» **WHAT IS REQUIRED**
Repeat the data exactly, please; no pictures belong in the copy.

───── EXTRACTED INFORMATION

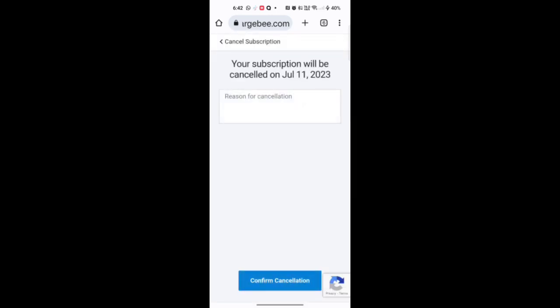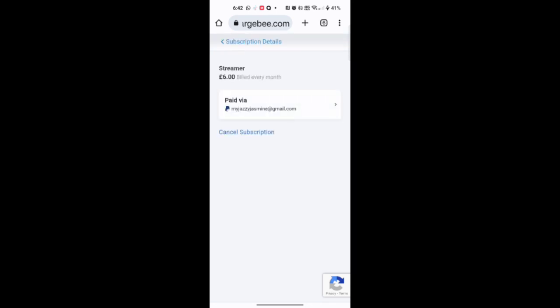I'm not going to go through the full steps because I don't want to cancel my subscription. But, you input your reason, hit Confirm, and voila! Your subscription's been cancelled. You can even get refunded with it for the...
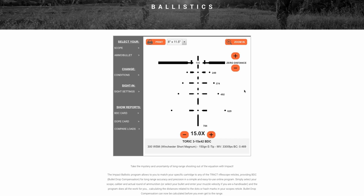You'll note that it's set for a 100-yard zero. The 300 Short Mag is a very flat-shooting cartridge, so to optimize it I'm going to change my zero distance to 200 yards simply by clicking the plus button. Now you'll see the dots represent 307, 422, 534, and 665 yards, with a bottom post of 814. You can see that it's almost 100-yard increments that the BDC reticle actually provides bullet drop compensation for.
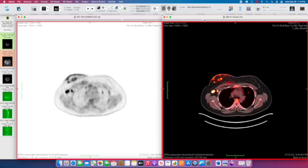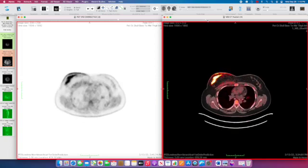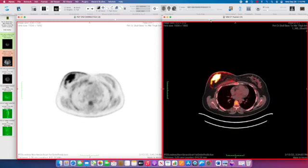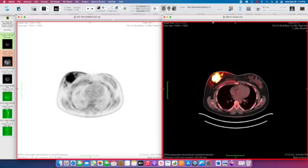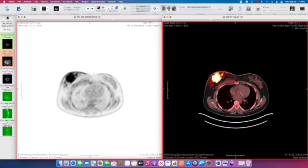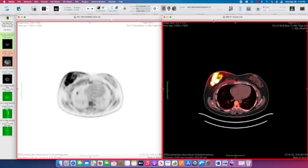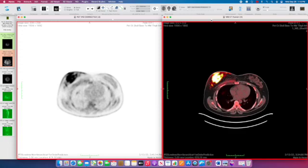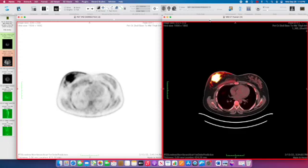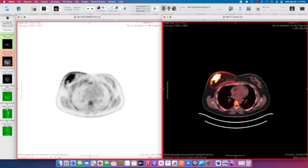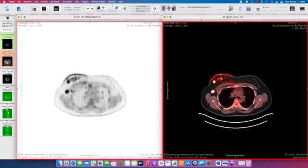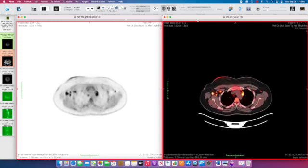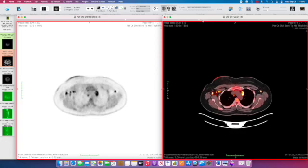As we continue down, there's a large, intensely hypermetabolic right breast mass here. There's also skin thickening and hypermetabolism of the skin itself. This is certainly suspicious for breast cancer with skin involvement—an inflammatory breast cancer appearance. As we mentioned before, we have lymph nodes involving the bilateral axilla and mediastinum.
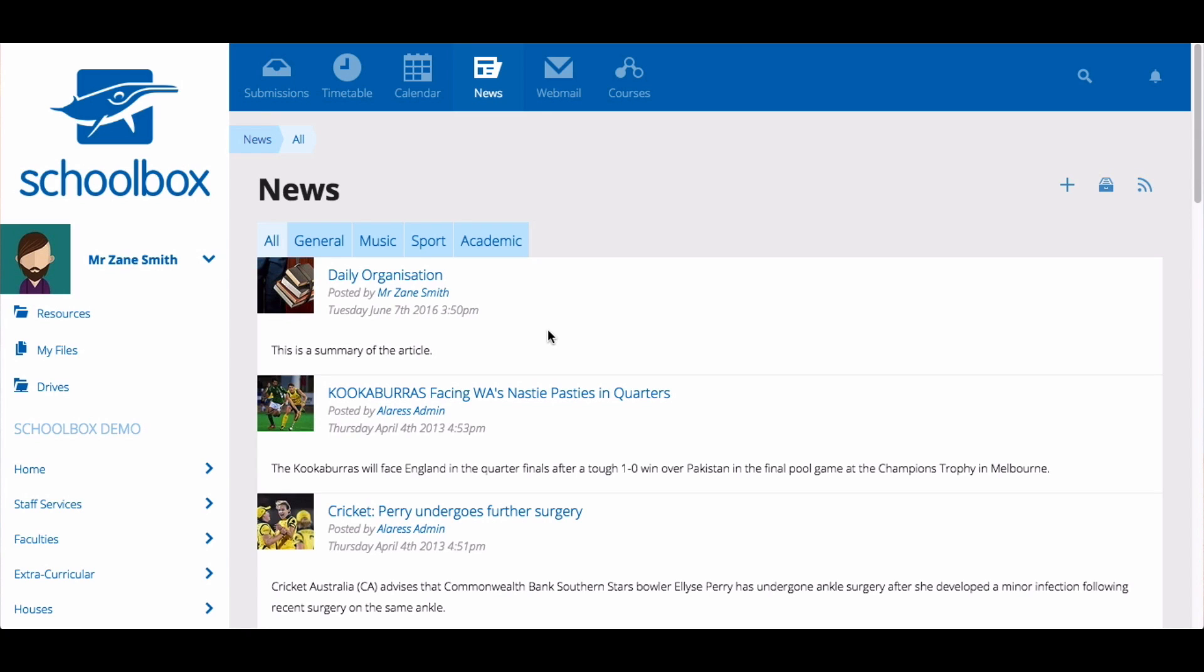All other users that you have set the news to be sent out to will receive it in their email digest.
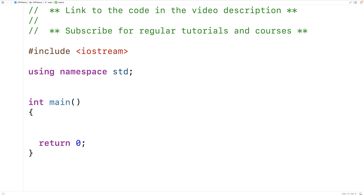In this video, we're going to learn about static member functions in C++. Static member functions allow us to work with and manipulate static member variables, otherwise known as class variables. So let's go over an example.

──────────

» **ANSWER TO THIS EXERCISE**
I'm not going to go through the full steps because I don't want to cancel my subscription. But, you input your reason, hit Confirm, and voila! Your subscription's been cancelled. You can even get refunded with it for the...
You'll note that it's set for a 100-yard zero. The 300 Short Mag is a very flat-shooting cartridge, so to optimize it I'm going to change my zero distance to 200 yards simply by clicking the plus button. Now you'll see the dots represent 307, 422, 534, and 665 yards, with a bottom post of 814. You can see that it's almost 100-yard increments that the BDC reticle actually provides bullet drop compensation for.
As we continue down, there's a large, intensely hypermetabolic right breast mass here. There's also skin thickening and hypermetabolism of the skin itself. This is certainly suspicious for breast cancer with skin involvement—an inflammatory breast cancer appearance. As we mentioned before, we have lymph nodes involving the bilateral axilla and mediastinum.
All other users that you have set the news to be sent out to will receive it in their email digest.
In this video, we're going to learn about static member functions in C++. Static member functions allow us to work with and manipulate static member variables, otherwise known as class variables. So let's go over an example.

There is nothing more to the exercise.